ARB-stack blockchains track blocks internally using the parent blockchain
(Ethereum). When validating expiration for these blockchains, compare the
`expirationBlock` value against the current Ethereum block number, not the L2
block number.
## API hosts and endpoints
CCTP provides a set of API hosts and endpoints to manage messages, attestations,
and transaction details for your crosschain USDC transfers.
### API service hosts
| Environment | URL |
| :---------- | :------------------------------------ |
| **Testnet** | `https://iris-api-sandbox.circle.com` |
| **Mainnet** | `https://iris-api.circle.com` |
**API Service Rate Limit**
The CCTP API service rate limit is 35 requests per second. If you exceed 35
requests per second, the service blocks all API requests for the next 5 minutes
and returns an HTTP 429 response.
### API endpoints
CCTP endpoints enable advanced capabilities such as fetching attestations for
**Standard Transfer** or **Fast Transfer** burn events, verifying public keys
across versions, accessing transaction details, querying fast transfer
allowances and fees, and initiating re-attestation processes. Below is an
overview of the CCTP public endpoints. Click on any endpoint for its API
reference.
| Endpoint | Description | Use Case |
| ----------------------------------------------------------------------------------------- | ------------------------------------------------------------------------------------------------------------------------------------------------------------------------------------------------------------------------------------------------------------------------------------------------------------------------------------------------------------ | ---------------------------------------------------------------------------------------------- |
| [`GET /v2/publicKeys`](/api-reference/cctp/all/get-public-keys-v2) | Returns public keys for validating attestations across all supported CCTP versions. | Retrieve public keys to verify attestation authenticity for crosschain transactions. |
| [`GET /v2/messages`](/api-reference/cctp/all/get-messages-v2) | Retrieves messages and attestations for a given transaction or nonce, supporting messages for all CCTP versions. | Fetch attestation status and transaction details. |
| [`POST /v2/reattest`](/api-reference/cctp/all/reattest-message) | Re-attests a soft finality V2 message to achieve finality or revive expired Fast Transfer burns. | Handle edge cases requiring updated attestations or finalize transactions with stricter rules. |
| [`GET /v2/fastBurn/USDC/allowance`](/api-reference/cctp/all/get-fast-burn-usdc-allowance) | Retrieves the current USDC Fast Transfer allowance remaining. | Monitor available allowance for Fast Transfer burns in real-time. |
| [`GET /v2/burn/USDC/fees`](/api-reference/cctp/all/get-burn-usdc-fees) | Returns the fees for USDC transfers between specified source and destination domains. | Calculate transaction costs before initiating a Fast or Standard Transfer. |
**Deprecated endpoint**
The endpoint `/v2/fastBurn/USDC/fees` is deprecated. Use
[`/v2/burn/USDC/fees`](/api-reference/cctp/all/get-burn-usdc-fees) instead to
retrieve both Fast and Standard Transfer fees.

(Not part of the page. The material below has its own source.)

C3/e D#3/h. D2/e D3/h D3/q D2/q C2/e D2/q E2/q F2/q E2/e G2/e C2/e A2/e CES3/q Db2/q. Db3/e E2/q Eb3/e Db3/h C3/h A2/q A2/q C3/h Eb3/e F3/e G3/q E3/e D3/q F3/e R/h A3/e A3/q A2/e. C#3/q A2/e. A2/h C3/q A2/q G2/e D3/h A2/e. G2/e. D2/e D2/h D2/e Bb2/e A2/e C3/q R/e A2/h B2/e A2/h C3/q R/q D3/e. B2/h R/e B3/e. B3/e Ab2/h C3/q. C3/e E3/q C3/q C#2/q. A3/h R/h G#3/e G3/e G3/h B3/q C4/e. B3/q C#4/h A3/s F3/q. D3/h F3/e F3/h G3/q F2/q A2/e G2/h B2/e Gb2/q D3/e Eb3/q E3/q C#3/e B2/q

**Note:** This deprecation does **not** affect
[`/v2/fastBurn/USDC/allowance`](/api-reference/cctp/all/get-fast-burn-usdc-allowance)
(see preceding table), which remains active and valid.
## Finality thresholds
CCTP has the concept of a finality threshold, which is a chain-agnostic
representation of the confirmation level required before an attestation is
issued. This allows integrators to specify how many confirmations are needed
based on their risk tolerance or use case.
In CCTP, each message specifies a `minFinalityThreshold`. This threshold
indicates the minimum level of confirmation required for Circle's attestation
service (Iris) to attest to the message. Iris will not attest to a message at a
confirmation level below the specified minimum threshold. This allows
applications to enforce a desired level of finality before acting on an
attestation on the destination chain.
### Defined finality thresholds
CCTP V2 defines the following finality thresholds:
| Finality Threshold | Value |
| ------------------ | ----- |
| **Confirmed** | 1000 |
| **Finalized** | 2000 |
### Messages and finality
* Messages with a `minFinalityThreshold` of **1000** or lower are considered
**Fast** messages. These messages are eligible for fast attestation at the
*confirmed* level by Iris.
* Messages with a `minFinalityThreshold` of **2000** are considered **Standard**
messages. These messages are attested to at the *finalized* level by Iris.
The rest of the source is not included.